Penerapanan denda biasanya pada kasus-kasus seperti peghinaan, juga kasus-kasus
asusila. Itu nilai positif dari system pembelisan. Namun fakta lain juga
membuktikan bahwa belis telah melahirkan dampak buruk terhadap kaum
perempuan. Karena itu penulis berpendapat bahwa belis sebagai tradisi yang
memiliki nilai-nilia luhur dan sebagai bentuk perghargaan terhadap harkat dan
martabat seorang perempuan perlu tetap dipertahankan dengan beberapa catatan
sebagai berikut; Pertama, perlu penyederhanaan belis. Biasanya, setelah pihak
laki-laki memberikan belis, pihak perempuan membalasnya dengan memberikan
barang bawaan bagi pihak laki-laki untuk dibawa pulang. Minimal bawaan itu
sama dengan besar belis yang diberikan kepada pihak perempuan.
12. Karena itu pembebanan sesungguhnya tidak hanya pada pihak laki-laki tapi juga
perempuan. Diperlukan suatu alternative semacam pembicaraan untuk
memperoleh kesepakatan yang sama tentang belis. Dialog ini harus melibatkan
tetua adat, juga dapat ditunjang dengan pendekatan informal kepada masyarakat.
Contoh, di Ileape telah ada symposium di tingkat kecamatan yang
menyeragamkan ukuran dan jumlah gading sebagi belis terhadap seorang
perempuan dan hal itu berlaku sampai sekarang. Karena itu, di Ileape Lembata,
penentuan belis tidak lagi berdasarkan satatus sosial seorang perempuan.
Kedua, penyederhanaan tahapan/proses pembelisan. Disadari atau tidak,
tahapan/proses pembelisan menyedot dana yang besar sementara kenyataan
sebagian besar masyarakat hidup dengan keadaan ekonomi yang pas-pasan. Dari
itu perlu dibuat penyederhanaan proses/tahapan-tahapan. Bagi masyarakat
Lamaholot proses pernikahan sangat panjang hanya karena urusan adat (belis).
Bahkan jauh sebelum pernikahan, terlebih dahulu digelar koda kiring (pertemuan
adat di antara keluarga besar wanita dan pria). Yang terlibat adalah keluarga besar
(fam/suku/marga), bukan orang tua kandung saja seperti di Jawa dan tempat-tempat
maju lain di Tanah Air. Biasanya, Koda Kiring ini digelar sepanjang
malam, beberapa hari, sampai ada kesepakatan. Ini tentu membutuhkan biaya
yang besar.
Ketiga, perlu penyadaran kepada masyarakat terutama pemegang otoritas
komunitas seperti tetua adat, tuan tanah, kepala suku dan lain-lain untuk
memaknai kembali secara mendalam hakekat belis itu sendiri. Hal ini dapat
menghapus asumsi negative tentang belis itu sendiri yang pada akhirnya
berdampak buruk terhadap kaum perempuan Lamaholot.

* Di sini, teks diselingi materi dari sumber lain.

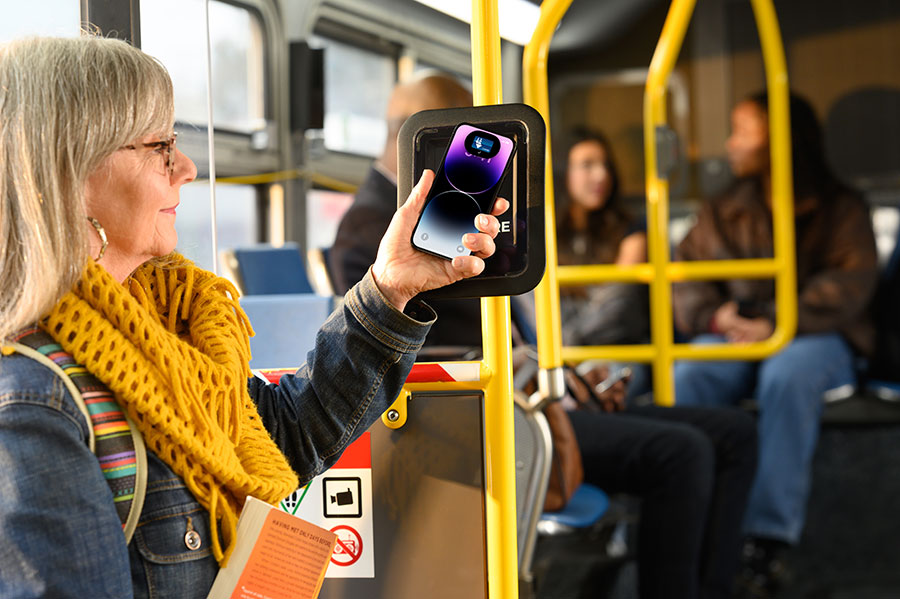 An adult boards a bus, holding their iPhone up to Clipper bus card reader, using Clipper on her phone to pay for transit; a “Done” screen is displayed on the phone.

(Tulisan ini telah dipresentasikan pada Konferensi I, Hukum dan Penghukuman
yang diselenggarakan Program Studi Kajian Wanita/ Kajian Gender, Program
Pasca Sarjana UI bekerjasama dengan Komnas Perempuan yang diselenggrakan
di Pusat Studi Jepang U, tanggal 28 Oktober hingga 1 November 2010 lalu).